WORK TO BE COMPLETED —
Every line between the top of the data below and the line with "NITRO Pencil Case XL Schlamperetui Blur Brilliant Blue NITRO", both ends included, must be retyped exactly.

:: RECORDS PROVIDED ::

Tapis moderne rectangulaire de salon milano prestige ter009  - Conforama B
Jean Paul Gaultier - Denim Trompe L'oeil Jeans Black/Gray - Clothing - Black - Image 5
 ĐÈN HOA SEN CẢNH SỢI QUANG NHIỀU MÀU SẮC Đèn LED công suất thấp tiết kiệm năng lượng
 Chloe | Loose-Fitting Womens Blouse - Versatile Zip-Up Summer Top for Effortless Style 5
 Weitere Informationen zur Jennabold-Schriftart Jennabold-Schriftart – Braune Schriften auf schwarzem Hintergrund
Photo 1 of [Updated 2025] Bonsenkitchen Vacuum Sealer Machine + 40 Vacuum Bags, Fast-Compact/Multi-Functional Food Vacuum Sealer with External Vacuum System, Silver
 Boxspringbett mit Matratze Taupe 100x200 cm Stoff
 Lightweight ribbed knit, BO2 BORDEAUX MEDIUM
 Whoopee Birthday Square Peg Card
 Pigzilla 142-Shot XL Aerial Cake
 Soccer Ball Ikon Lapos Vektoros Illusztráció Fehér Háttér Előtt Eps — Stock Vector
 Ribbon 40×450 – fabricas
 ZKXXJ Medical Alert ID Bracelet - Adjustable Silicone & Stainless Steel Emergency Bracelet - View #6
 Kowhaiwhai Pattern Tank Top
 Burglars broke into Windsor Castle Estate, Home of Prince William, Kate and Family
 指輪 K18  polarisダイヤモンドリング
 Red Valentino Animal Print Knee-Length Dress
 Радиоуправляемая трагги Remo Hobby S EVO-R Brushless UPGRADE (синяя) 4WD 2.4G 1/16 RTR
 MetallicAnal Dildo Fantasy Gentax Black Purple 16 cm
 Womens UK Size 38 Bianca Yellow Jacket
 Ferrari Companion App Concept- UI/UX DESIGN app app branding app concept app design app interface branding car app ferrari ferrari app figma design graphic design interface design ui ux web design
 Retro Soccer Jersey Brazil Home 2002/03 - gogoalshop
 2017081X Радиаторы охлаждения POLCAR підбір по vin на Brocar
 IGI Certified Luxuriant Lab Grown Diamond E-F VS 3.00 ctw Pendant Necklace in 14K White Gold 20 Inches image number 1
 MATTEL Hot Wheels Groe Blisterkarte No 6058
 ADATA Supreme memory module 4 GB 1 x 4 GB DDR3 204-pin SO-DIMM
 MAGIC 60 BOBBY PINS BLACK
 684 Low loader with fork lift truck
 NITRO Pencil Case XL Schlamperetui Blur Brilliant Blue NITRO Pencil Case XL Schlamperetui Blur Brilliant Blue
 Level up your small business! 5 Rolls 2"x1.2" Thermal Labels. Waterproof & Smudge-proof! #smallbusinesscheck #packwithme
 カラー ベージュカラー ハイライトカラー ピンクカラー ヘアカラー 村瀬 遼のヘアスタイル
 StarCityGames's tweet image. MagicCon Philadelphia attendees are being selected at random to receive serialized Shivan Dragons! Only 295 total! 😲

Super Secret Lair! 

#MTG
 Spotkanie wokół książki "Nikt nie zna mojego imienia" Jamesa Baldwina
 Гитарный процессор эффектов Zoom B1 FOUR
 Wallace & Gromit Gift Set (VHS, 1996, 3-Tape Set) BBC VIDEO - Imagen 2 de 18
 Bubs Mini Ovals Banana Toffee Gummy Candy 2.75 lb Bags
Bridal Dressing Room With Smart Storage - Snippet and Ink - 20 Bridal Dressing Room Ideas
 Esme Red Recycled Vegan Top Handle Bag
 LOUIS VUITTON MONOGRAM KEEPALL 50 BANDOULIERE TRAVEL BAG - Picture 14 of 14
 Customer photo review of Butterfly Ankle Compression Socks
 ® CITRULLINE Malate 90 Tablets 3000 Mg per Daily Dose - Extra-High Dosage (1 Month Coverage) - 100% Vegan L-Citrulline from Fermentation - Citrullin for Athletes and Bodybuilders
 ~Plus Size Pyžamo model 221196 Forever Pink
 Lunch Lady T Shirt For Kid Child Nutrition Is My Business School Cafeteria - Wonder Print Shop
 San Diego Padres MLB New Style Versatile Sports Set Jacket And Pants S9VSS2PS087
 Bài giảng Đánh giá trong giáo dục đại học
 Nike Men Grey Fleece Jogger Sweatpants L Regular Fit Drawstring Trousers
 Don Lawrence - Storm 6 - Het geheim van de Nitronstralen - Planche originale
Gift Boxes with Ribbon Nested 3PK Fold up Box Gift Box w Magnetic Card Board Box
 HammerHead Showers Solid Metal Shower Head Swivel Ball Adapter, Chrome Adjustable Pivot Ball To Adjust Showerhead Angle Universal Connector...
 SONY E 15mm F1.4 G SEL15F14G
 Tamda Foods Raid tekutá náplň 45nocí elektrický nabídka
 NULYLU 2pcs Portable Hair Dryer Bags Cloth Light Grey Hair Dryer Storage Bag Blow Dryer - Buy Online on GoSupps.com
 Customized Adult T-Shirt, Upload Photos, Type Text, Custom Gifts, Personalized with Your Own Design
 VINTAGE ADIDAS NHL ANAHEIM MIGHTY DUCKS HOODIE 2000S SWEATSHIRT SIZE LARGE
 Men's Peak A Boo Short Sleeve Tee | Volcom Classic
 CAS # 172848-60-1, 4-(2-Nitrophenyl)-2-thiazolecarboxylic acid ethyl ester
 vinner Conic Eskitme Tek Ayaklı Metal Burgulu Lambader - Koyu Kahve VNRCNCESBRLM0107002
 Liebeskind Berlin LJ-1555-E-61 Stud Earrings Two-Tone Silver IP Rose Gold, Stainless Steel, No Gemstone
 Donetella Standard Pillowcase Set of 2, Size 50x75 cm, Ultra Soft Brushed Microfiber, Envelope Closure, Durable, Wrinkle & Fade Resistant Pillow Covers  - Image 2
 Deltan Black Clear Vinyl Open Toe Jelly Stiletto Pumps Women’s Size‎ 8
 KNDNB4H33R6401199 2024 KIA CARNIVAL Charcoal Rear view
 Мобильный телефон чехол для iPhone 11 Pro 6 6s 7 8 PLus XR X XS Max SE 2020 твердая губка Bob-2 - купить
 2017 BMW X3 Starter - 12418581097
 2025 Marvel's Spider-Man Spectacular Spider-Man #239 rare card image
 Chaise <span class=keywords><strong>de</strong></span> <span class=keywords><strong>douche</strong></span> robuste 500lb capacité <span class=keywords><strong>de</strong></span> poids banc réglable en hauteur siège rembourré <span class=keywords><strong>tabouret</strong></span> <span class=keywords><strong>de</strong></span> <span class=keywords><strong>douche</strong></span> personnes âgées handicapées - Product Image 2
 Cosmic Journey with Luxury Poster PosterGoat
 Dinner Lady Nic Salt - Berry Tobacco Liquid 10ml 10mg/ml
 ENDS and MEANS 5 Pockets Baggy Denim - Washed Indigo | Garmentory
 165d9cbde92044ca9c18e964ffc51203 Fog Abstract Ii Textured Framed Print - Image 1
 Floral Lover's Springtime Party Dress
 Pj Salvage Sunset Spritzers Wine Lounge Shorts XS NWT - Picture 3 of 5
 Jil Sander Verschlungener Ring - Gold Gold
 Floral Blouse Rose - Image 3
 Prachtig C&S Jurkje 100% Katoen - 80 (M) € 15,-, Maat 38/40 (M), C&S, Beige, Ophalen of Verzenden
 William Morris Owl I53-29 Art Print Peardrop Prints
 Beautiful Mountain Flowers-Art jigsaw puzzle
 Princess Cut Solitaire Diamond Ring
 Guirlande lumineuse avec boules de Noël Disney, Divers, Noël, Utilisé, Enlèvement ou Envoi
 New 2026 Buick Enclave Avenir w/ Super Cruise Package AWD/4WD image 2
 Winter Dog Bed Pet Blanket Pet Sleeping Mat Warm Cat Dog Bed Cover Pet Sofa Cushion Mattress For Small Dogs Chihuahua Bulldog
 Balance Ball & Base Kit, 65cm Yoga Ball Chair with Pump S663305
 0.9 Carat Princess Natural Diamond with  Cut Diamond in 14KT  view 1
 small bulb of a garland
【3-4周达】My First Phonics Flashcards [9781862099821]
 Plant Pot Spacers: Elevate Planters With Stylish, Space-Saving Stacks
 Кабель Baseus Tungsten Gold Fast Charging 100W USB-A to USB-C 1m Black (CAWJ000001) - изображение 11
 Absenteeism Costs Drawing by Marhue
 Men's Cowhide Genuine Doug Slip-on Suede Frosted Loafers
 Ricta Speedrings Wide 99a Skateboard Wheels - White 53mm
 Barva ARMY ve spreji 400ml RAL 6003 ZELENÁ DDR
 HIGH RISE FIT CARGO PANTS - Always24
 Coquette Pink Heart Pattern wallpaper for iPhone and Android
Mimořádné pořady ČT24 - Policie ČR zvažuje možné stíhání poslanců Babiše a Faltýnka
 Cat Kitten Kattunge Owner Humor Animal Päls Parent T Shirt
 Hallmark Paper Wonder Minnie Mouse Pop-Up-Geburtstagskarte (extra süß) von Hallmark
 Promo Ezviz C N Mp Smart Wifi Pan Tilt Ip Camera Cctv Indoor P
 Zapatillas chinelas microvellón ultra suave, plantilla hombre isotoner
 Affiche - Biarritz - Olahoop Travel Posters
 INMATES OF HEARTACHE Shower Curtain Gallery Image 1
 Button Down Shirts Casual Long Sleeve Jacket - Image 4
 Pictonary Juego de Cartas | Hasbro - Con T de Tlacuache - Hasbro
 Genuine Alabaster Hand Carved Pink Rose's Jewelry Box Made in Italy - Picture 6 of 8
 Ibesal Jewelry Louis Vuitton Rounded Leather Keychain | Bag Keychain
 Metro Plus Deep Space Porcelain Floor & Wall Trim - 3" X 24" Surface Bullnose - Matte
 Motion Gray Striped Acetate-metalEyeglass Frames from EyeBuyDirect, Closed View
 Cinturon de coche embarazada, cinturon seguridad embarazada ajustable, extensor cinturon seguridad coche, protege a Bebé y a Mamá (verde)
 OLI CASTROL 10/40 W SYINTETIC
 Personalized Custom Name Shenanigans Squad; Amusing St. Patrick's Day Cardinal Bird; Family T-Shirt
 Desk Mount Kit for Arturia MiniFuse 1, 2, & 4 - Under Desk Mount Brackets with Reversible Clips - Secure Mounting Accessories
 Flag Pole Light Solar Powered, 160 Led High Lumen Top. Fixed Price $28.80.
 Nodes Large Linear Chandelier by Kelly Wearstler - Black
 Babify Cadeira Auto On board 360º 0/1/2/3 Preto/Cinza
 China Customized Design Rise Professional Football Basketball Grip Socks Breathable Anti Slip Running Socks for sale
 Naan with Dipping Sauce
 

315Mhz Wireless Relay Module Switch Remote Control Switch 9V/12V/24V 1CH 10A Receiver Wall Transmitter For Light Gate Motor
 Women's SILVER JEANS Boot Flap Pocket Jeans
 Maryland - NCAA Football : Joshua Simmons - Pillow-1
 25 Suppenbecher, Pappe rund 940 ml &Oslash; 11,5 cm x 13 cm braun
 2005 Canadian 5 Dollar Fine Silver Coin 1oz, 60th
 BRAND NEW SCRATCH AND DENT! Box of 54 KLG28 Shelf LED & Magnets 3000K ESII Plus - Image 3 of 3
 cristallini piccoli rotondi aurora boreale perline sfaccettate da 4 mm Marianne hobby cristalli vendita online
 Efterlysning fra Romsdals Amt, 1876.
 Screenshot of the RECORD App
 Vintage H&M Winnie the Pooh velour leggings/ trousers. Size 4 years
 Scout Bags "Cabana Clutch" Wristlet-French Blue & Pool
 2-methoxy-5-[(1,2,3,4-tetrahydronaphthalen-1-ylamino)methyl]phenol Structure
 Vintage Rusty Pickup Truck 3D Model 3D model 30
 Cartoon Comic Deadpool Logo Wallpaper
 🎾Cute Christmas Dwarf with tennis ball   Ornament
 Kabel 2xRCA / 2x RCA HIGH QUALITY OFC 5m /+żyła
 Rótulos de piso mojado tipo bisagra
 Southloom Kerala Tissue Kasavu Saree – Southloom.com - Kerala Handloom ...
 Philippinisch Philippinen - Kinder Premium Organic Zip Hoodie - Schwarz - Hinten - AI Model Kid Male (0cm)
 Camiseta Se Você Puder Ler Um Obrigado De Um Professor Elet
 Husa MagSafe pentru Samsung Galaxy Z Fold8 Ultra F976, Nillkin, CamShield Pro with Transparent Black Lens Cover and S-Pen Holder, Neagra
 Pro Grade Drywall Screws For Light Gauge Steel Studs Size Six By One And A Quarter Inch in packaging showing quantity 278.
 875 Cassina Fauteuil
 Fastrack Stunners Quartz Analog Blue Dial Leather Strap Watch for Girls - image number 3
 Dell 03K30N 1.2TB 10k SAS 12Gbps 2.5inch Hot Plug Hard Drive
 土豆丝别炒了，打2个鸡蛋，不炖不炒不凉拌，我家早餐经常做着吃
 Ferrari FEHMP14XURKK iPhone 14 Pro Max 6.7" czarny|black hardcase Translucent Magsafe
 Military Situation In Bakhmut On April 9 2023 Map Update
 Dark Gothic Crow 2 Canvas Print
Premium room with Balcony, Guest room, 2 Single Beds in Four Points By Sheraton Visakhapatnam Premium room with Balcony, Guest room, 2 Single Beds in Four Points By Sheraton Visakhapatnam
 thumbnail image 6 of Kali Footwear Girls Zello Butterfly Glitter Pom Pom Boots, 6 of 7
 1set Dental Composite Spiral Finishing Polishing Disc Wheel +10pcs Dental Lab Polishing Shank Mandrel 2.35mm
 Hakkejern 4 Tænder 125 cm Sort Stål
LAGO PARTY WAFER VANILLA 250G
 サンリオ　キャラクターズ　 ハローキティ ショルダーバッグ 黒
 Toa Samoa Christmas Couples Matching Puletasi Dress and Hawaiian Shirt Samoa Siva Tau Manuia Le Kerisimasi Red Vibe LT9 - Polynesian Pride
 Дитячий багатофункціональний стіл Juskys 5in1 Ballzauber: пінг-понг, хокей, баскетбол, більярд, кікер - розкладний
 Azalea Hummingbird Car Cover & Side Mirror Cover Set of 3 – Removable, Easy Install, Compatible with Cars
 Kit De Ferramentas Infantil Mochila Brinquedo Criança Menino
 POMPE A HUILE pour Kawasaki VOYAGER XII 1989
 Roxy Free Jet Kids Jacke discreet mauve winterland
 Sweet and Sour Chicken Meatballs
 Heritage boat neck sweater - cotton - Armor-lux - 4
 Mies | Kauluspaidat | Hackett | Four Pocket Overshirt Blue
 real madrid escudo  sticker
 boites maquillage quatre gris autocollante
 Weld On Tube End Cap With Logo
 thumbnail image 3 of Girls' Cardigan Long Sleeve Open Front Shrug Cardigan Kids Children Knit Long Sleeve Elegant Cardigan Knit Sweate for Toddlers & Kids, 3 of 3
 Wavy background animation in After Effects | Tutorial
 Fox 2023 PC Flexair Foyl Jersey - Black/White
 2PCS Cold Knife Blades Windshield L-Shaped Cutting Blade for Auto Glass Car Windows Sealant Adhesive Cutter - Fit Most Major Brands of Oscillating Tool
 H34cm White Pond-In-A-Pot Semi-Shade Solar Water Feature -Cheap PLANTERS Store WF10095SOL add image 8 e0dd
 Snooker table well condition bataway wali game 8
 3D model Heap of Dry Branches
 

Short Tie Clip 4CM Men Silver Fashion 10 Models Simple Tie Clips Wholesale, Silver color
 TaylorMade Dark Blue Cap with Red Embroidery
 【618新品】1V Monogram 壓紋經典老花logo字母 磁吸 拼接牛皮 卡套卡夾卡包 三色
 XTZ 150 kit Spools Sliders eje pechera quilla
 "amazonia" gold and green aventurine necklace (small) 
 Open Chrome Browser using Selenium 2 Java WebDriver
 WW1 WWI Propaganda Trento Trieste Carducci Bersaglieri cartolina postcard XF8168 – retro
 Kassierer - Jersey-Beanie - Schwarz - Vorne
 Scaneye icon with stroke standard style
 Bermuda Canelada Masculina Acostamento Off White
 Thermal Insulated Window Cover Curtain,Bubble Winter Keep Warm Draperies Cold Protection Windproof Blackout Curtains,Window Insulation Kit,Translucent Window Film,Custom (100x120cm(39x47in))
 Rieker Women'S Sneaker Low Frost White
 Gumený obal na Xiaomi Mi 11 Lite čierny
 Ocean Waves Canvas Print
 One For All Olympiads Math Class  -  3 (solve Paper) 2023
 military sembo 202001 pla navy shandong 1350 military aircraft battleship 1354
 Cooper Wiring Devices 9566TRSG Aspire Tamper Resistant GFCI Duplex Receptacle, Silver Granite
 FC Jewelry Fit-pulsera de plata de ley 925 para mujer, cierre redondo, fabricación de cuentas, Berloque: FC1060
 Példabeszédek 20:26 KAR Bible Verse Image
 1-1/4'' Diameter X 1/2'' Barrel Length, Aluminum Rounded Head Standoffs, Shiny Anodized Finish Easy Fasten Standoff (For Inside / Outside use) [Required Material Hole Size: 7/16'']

:::

EXERCISE ANSWER —
Tapis moderne rectangulaire de salon milano prestige ter009  - Conforama B
Jean Paul Gaultier - Denim Trompe L'oeil Jeans Black/Gray - Clothing - Black - Image 5
 ĐÈN HOA SEN CẢNH SỢI QUANG NHIỀU MÀU SẮC Đèn LED công suất thấp tiết kiệm năng lượng
 Chloe | Loose-Fitting Womens Blouse - Versatile Zip-Up Summer Top for Effortless Style 5
 Weitere Informationen zur Jennabold-Schriftart Jennabold-Schriftart – Braune Schriften auf schwarzem Hintergrund
Photo 1 of [Updated 2025] Bonsenkitchen Vacuum Sealer Machine + 40 Vacuum Bags, Fast-Compact/Multi-Functional Food Vacuum Sealer with External Vacuum System, Silver
 Boxspringbett mit Matratze Taupe 100x200 cm Stoff
 Lightweight ribbed knit, BO2 BORDEAUX MEDIUM
 Whoopee Birthday Square Peg Card
 Pigzilla 142-Shot XL Aerial Cake
 Soccer Ball Ikon Lapos Vektoros Illusztráció Fehér Háttér Előtt Eps — Stock Vector
 Ribbon 40×450 – fabricas
 ZKXXJ Medical Alert ID Bracelet - Adjustable Silicone & Stainless Steel Emergency Bracelet - View #6
 Kowhaiwhai Pattern Tank Top
 Burglars broke into Windsor Castle Estate, Home of Prince William, Kate and Family
 指輪 K18  polarisダイヤモンドリング
 Red Valentino Animal Print Knee-Length Dress
 Радиоуправляемая трагги Remo Hobby S EVO-R Brushless UPGRADE (синяя) 4WD 2.4G 1/16 RTR
 MetallicAnal Dildo Fantasy Gentax Black Purple 16 cm
 Womens UK Size 38 Bianca Yellow Jacket
 Ferrari Companion App Concept- UI/UX DESIGN app app branding app concept app design app interface branding car app ferrari ferrari app figma design graphic design interface design ui ux web design
 Retro Soccer Jersey Brazil Home 2002/03 - gogoalshop
 2017081X Радиаторы охлаждения POLCAR підбір по vin на Brocar
 IGI Certified Luxuriant Lab Grown Diamond E-F VS 3.00 ctw Pendant Necklace in 14K White Gold 20 Inches image number 1
 MATTEL Hot Wheels Groe Blisterkarte No 6058
 ADATA Supreme memory module 4 GB 1 x 4 GB DDR3 204-pin SO-DIMM
 MAGIC 60 BOBBY PINS BLACK
 684 Low loader with fork lift truck
 NITRO Pencil Case XL Schlamperetui Blur Brilliant Blue NITRO Pencil Case XL Schlamperetui Blur Brilliant Blue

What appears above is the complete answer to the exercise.